Three wooden steps to the porch; a touch of her hand to the lock pad.

"Good afternoon, Aelliana." The luck was out. And yet it was her right, to ask, to be heard, by her delm.

She bowed, so low that her forehead touched her knees, and straightened only somewhat, eyes fixed humbly on the faded pink stone of the foyer floor.

"Good afternoon, brother," she murmured, though the words seemed like to choke her.

"So respectful," he commented, rising from his chair in the stair-niche. "Indeed, the very portrait of subservience, drawn with rare skill. I confess myself charmed—but no longer deceived."

She did not raise her head. She did not move. Barely did she breathe. Ran Eld's boots came into her range of vision: They were dusty and scuffed; the right bore a stain of oil along the instep.

"You keep to your character?" he inquired, voice poisonously sweet. "But perhaps you are correct! We are so open here that anyone might chance to see, should you choose to fly your true colors! I suggest we adjourn to the parlor. After you. Sister."

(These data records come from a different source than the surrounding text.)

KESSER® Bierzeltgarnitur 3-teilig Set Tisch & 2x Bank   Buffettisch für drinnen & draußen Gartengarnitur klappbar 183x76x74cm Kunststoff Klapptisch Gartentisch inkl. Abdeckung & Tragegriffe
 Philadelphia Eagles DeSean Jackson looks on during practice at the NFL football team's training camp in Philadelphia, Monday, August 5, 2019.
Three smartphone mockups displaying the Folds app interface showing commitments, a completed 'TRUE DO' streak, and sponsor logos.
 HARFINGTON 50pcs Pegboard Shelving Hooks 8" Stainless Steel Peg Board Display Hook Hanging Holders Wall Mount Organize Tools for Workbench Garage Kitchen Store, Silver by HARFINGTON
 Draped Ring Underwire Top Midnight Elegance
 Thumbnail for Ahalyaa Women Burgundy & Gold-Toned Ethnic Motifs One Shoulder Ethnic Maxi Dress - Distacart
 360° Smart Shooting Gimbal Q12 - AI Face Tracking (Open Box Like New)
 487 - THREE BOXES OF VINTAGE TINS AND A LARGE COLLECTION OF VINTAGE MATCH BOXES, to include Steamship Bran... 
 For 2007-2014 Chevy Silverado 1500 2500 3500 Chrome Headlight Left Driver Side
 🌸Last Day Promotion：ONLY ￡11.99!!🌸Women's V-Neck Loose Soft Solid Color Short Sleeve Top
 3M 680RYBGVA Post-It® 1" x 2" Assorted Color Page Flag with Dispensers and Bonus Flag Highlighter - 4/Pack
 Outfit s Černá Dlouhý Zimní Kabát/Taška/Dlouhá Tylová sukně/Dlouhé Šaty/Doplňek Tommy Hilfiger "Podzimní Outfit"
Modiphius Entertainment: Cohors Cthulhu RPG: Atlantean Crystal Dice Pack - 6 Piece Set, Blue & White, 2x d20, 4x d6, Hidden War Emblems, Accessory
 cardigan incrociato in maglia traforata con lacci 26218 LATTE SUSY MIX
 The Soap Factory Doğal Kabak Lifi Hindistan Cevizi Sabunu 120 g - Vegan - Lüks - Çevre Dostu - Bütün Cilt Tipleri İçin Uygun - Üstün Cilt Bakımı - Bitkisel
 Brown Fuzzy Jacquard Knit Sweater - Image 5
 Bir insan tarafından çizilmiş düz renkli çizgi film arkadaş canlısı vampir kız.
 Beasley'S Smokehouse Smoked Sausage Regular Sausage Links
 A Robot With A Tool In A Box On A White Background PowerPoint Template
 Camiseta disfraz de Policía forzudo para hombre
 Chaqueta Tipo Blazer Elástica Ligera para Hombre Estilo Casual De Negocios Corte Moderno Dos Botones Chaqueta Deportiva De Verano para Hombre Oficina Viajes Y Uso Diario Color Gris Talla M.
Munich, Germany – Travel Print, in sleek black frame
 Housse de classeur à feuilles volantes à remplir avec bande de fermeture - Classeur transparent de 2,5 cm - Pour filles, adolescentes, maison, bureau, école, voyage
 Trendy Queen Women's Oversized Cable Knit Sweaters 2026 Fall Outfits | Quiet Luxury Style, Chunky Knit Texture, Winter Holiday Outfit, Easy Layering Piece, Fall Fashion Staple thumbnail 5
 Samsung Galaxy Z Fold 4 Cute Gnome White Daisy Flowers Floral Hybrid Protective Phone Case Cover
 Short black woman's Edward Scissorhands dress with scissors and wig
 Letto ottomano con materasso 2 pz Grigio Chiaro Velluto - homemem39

"I have—urgent—need to see the delm," Aelliana said, staring, staring, at that scuffed, stained leather. "Pray conduct me to Mizel at once."

"The delm is from house," Ran Eld purred. "She returns tomorrow, midday." There was a pause, in which she felt his gloating like rancid grease across her skin. "The parlor, sister. Of your kindness."

There was no help for it. Shoulders slumped, eyes lowered, steps mouse-light across the old stone floor, Aelliana entered the parlor. Ran Eld's footsteps gritted noisily behind her. He crossed the threshold and closed the door with a bang, striding to where she waited in the center of the room, eyes on the nap-worn carpet.

"Look at me!" he shouted, augmenting the order with a savage yank of her hair.

She ground her teeth, imprisoning the cry, and met his eyes.

"So . . ." Satisfaction settled in her brother's face. "Have you truly forgotten the old lesson, Aelliana? Do you no longer recall what I had done to you, the last time you challenged me?"

"I remember."

"Ah, she remembers! But where is the failing note in the voice—the twisting together of the fingers? She remembers, but appears to discount the memory. Perhaps she takes comfort in the Delm's Word! What was that promise, Aelliana?"

She stared at him, recalling all of what he had caused to be done to her. He had boasted of it, after, and spoken of such things as made it certain that he and the contract-husband had spent many delicious hours, planning how best to harm her.

"You know well what the Delm's Word was," she told him, and heard the acid in her voice with dismay.

"Ah, but of course I know!" Ran Eld returned, in high good humor. "But you will tell me, Aelliana, because I have commanded it. As nadelm, it is my right—indeed, my duty!—to command you. Surely, you cannot have forgotten that."

She took a careful breath, trying to still her body's shaking, which was all of long-pent fury and hatred, and nothing whatsoever of fear.